I hadn’t pulled an all-nighter since college. But I did that evening.
By 2 a.m., I was feeling the weight of the show. The second season of 13 Reasons deals with a bevy of heavy and sometimes horrific issues, from sexual assault to traumatizing instances of bullying to the ongoing grief left in the wake of a suicide. And I’ll be honest: It was hard for me to watch. I had aged well beyond the show’s intended audience (teens, presumably, despite its TV-MA rating). But I still remember high school well enough to recall the overcharged emotional atmosphere we all felt walking through the halls: how classes took a backseat to cliques and conflict and our own desperate insecurities.
My own personal relationship with depression made me both more empathetic with, and more vulnerable, to the stressed, depressed characters on screen. The combination of too little sleep, too much coffee and the show itself made me feel raw and despondent. It was a relief when each episode ended and I could turn from watching to writing;to review each episode—to ease into the familiar territory of encapsulation and swear-word counting—was strangely cleansing. A way to flush out what I’d ingested, to put the stories and images I’d seen on screen into some perspective not just for Plugged In readers, but for myself.
I made it through, of course—very tired and feeling a bit in need of counseling myself, perhaps, but otherwise fine. But I was also thankful that I hadn’t binge-reviewed the first season of 13 Reasons Why in the same way. Given that that first season was more tightly focused on suicide, and given my own issues with depression, I wondered whether the aftermath would’ve been harder.

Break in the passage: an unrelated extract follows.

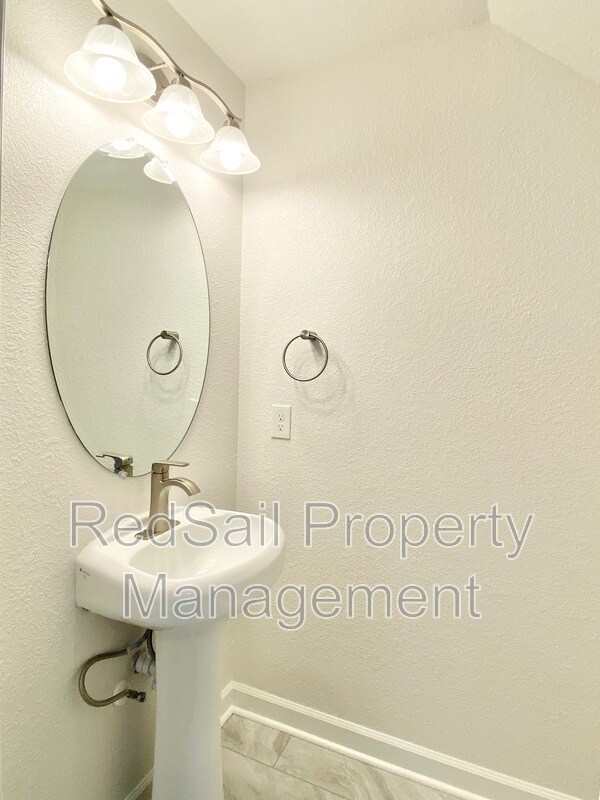 Foto del edificio - 766 Old Lucas Creek Rd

Indeed, psychologists believe that the show impacted some of its viewers mightily. Calls to suicide hotlines spiked in the wake of its Netflix drop date—a positive result, most would agree. But online searches related to suicide—people not just looking for help, but how to commit it—rose, too. And just a few weeks ago, a study found a weak-but-alarming correlation between the show’s run and teen suicides themselves.
Mental health is already a huge issue in the United States. But how it’s portrayed in entertainment—and how it impacts real-world issues—adds an interesting wrinkle.
Mental Health Screenings
Not many of us like dealing with mental health issues. But entertainment loves them. Hamlet pretended to be crazy in Shakespeare’s play. Cervantes’ Don Quixote really was. Even further back in history, and you’ve got Oedipus Rex—a Greek tragedy first performed in 429 B.C. based on a myth that Sigmund Freud later used to coin a psychosexual condition.

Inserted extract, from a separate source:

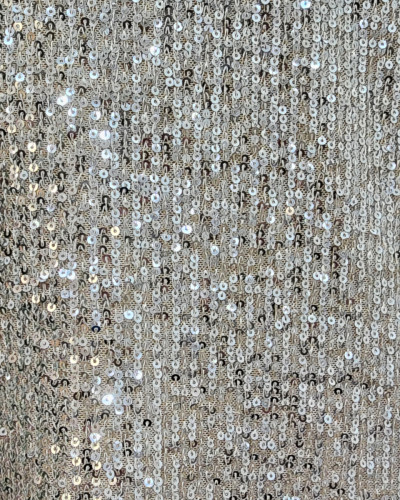 Robe femme beige sequins argentés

And as we’ve moved from plays and books to television and movies, we’re as likely to find entertainment in mental illness is as ever. One of my favorite classic movies, 1944’s Arsenic and Old Lace, features two nice old ladies who kindly kill their visitors and their brother, who thinks he’s Teddy Roosevelt.
Dissociative identity disorder is the basis for an M. Night Shyamalan flick. Psychosis takes center stage in Shutter Island. Depression is the main subject of As Good as It Gets. And even more mundane forms of mental disturbance become springboards to learn more about key characters at times. Tony Soprano’s regular visits to his psychologist are a cornerstone of HBO’s hit show The Sopranos.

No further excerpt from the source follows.